I don't think you missed anything. The CMA check is, at best, an effort
to have a potentially useful semantic but it's very doubtful anyone will
notice or care. I'm perfectly happy just to drop the CMA check because it's a
straight-forward fix and more suitable as a -stable backport.  I'm also happy
to just go with a PageHuge check and ignore any possibility that a 2M page
could be migrated to satisfy a 1G allocation.  1G allocation requests after
significant uptime is a crapshoot at best and relying on them succeeding is
unwise. There is a non-zero possibility that the latency incurred migrating
2M pages and still failing a 1G allocation could itself be classed as a
bug with users preferring fast-failure of 1G allocation attempts.
Michal Hocko April 14, 2023, 10:19 a.m. UTC | #3
On Fri 14-04-23 10:52:04, Mel Gorman wrote:
> On Fri, Apr 14, 2023 at 10:55:04AM +0200, Michal Hocko wrote:
> > On Fri 14-04-23 09:22:22, Mel Gorman wrote:
> > [...]
> > > +
> > > +		/*
> > > +		 * Do not migrate huge pages that span the size of the region
> > > +		 * being allocated contiguous. e.g. Do not migrate a 1G page
> > > +		 * for a 1G allocation request. CMA is an exception as the
> > > +		 * region may be reserved for hardware that requires physical
> > > +		 * memory without a MMU or scatter/gather capability.
> > > +		 *
> > > +		 * Note that the compound check is race-prone versus
> > > +		 * free/split/collapse but it should be safe and result in
> > > +		 * a premature skip or a useless migration attempt.
> > > +		 */
> > > +		if (PageHuge(page) && compound_nr(page) >= nr_pages &&
> > > +		    !is_migrate_cma_page(page)) {
> > > +			return false;
> > 
> > Is the CMA check working as expected?
> 
> I didn't test it as I don't have a good simulator for CMA contraints which
> is still a mobile phone concern for devices like cameras.
> 
> > The function sounds quite generic
> > and I agree that it would make sense if it was generic but it is used
> > only for GB pages in fact and unless I am missing something it would
> > allow to migrate CMA pages and potentially allocate over that region
> > without any possibility to migrate GB page out so the CMA region would
> > be essentially unusable for CMA users.
> 
> It's used primarily for 1G pages but does have other users (debugging
> mostly, low priority). As it's advertised as a general API, I decided to
> treat it as such and that meant being nice to CMA if possible. If CMA pages
> migrate but can still use the target location then it should be fine. If a
> CMA can migrate to an usable location that breaks a device then that's a bug.
> 
> > GB pages already have their CMA
> > allocator path before we get to alloc_contig_pages. Or do I miss
> > something?
> 
> I don't think you missed anything. The CMA check is, at best, an effort
> to have a potentially useful semantic but it's very doubtful anyone will
> notice or care. I'm perfectly happy just to drop the CMA check because it's a
> straight-forward fix and more suitable as a -stable backport.  I'm also happy
> to just go with a PageHuge check and ignore any possibility that a 2M page
> could be migrated to satisfy a 1G allocation.  1G allocation requests after
> significant uptime is a crapshoot at best and relying on them succeeding is
> unwise. There is a non-zero possibility that the latency incurred migrating
> 2M pages and still failing a 1G allocation could itself be classed as a
> bug with users preferring fast-failure of 1G allocation attempts.

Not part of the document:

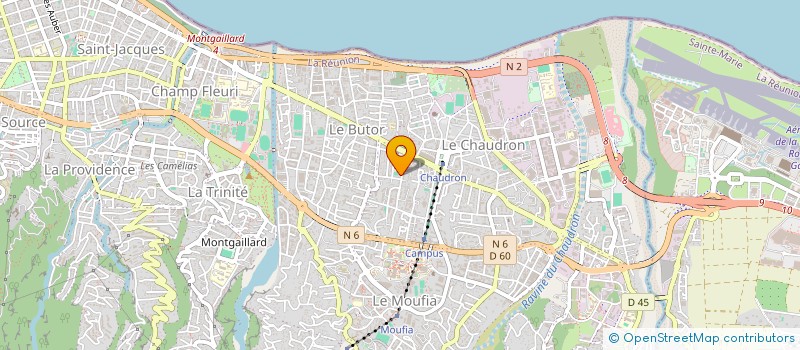 localisation de l'entreprise IBHADATE à SAINT-DENIS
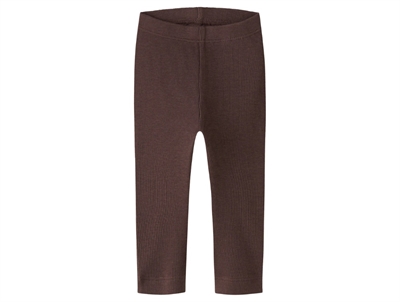Name It leggings blue fog rib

Yes, the simpler the better. If we encounter a real usecase where couple
of 2MB hugetlb pages stand in the way to GB pages then we can add the
check so I would just go with reintroducing the PageHuge check alone.

Thanks!
David Hildenbrand April 14, 2023, 10:31 a.m. UTC | #4
On 14.04.23 12:19, Michal Hocko wrote:
> On Fri 14-04-23 10:52:04, Mel Gorman wrote:
>> On Fri, Apr 14, 2023 at 10:55:04AM +0200, Michal Hocko wrote:
>>> On Fri 14-04-23 09:22:22, Mel Gorman wrote:
>>> [...]
>>>> +
>>>> +		/*
>>>> +		 * Do not migrate huge pages that span the size of the region
>>>> +		 * being allocated contiguous. e.g. Do not migrate a 1G page
>>>> +		 * for a 1G allocation request. CMA is an exception as the
>>>> +		 * region may be reserved for hardware that requires physical
>>>> +		 * memory without a MMU or scatter/gather capability.
>>>> +		 *
>>>> +		 * Note that the compound check is race-prone versus
>>>> +		 * free/split/collapse but it should be safe and result in
>>>> +		 * a premature skip or a useless migration attempt.
>>>> +		 */
>>>> +		if (PageHuge(page) && compound_nr(page) >= nr_pages &&
>>>> +		    !is_migrate_cma_page(page)) {
>>>> +			return false;
>>>
>>> Is the CMA check working as expected?
>>
>> I didn't test it as I don't have a good simulator for CMA contraints which
>> is still a mobile phone concern for devices like cameras.
>>
>>> The function sounds quite generic
>>> and I agree that it would make sense if it was generic but it is used
>>> only for GB pages in fact and unless I am missing something it would
>>> allow to migrate CMA pages and potentially allocate over that region
>>> without any possibility to migrate GB page out so the CMA region would
>>> be essentially unusable for CMA users.
>>
>> It's used primarily for 1G pages but does have other users (debugging
>> mostly, low priority). As it's advertised as a general API, I decided to
>> treat it as such and that meant being nice to CMA if possible. If CMA pages
>> migrate but can still use the target location then it should be fine. If a
>> CMA can migrate to an usable location that breaks a device then that's a bug.
>>
>>> GB pages already have their CMA
>>> allocator path before we get to alloc_contig_pages. Or do I miss
>>> something?
>>
>> I don't think you missed anything. The CMA check is, at best, an effort
>> to have a potentially useful semantic but it's very doubtful anyone will
>> notice or care. I'm perfectly happy just to drop the CMA check because it's a
>> straight-forward fix and more suitable as a -stable backport.  I'm also happy
>> to just go with a PageHuge check and ignore any possibility that a 2M page
>> could be migrated to satisfy a 1G allocation.  1G allocation requests after
>> significant uptime is a crapshoot at best and relying on them succeeding is
>> unwise. There is a non-zero possibility that the latency incurred migrating
>> 2M pages and still failing a 1G allocation could itself be classed as a
>> bug with users preferring fast-failure of 1G allocation attempts.
> 
> Yes, the simpler the better. If we encounter a real usecase where couple
> of 2MB hugetlb pages stand in the way to GB pages then we can add the
> check so I would just go with reintroducing the PageHuge check alone.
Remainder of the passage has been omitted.